Step 1: Anticipate your week:
If your week starts on a Monday, anticipate your week on Saturday or Sunday. Write the date and anticipate monday-sunday. This shouldn’t be as daunting by now, because you will have identified your daily rhythm/ritual from your days.
Step 2: Log what happens
Turn to the next page to the anticipation section of your week and log what happens. This is the same process established in the day section of your notebook.
Step 3: Reflect
After each day or the week, briefly summarize what you learned. Now grab a cup of coffee and take a step back to review each summary of the week. What shows up? Can you identify common themes? Are you happy with the decisions you made? If so, is there anything you would do differently? Write that awareness in a different color.
THREE WEEK
We use three weeks for a specific reason. Every three week period is statistically likely to have a significant interruption in it. It's just the way the math works.
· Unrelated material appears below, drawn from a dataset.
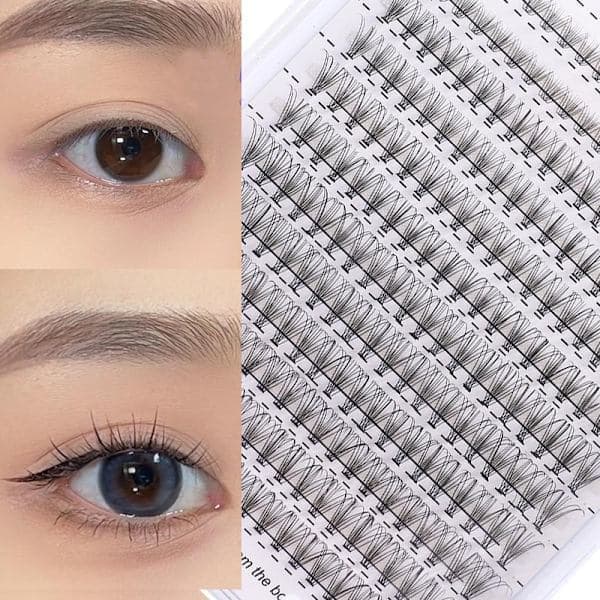 Individual False Eyelashes - Natural Look and Volume Set - Black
How much can you accomplish and realistically commit to over three weeks?
Step 1: Anticipate your next three weeks
What do you already know about the next three weeks? You won’t know everything that is going to happen, but you can use your best judgment to capture everything that is likely to happen. How much time will it take you to write your next blog post? If you have a fixed event like an appointment, how long will that realistically take? Any holidays? Block out the demands on your time.
Step 2: Log what happened in each week
Log how you allocate your time to get a general sense of how you used it.
Step 3: Reflect on the three weeks
At this point, we often find that you really don't have 15 work days at your disposal. You're going to lose significant chunks of those work days to some form of predictable randomness. A snow storm shows up one week, you have to repair your car, or maybe it's a work emergency or holiday. Whatever it is, it pulled you away from being as effective as you originally thought you would be. Do the same process a few times and begin to recognize what those things are that hijack your time.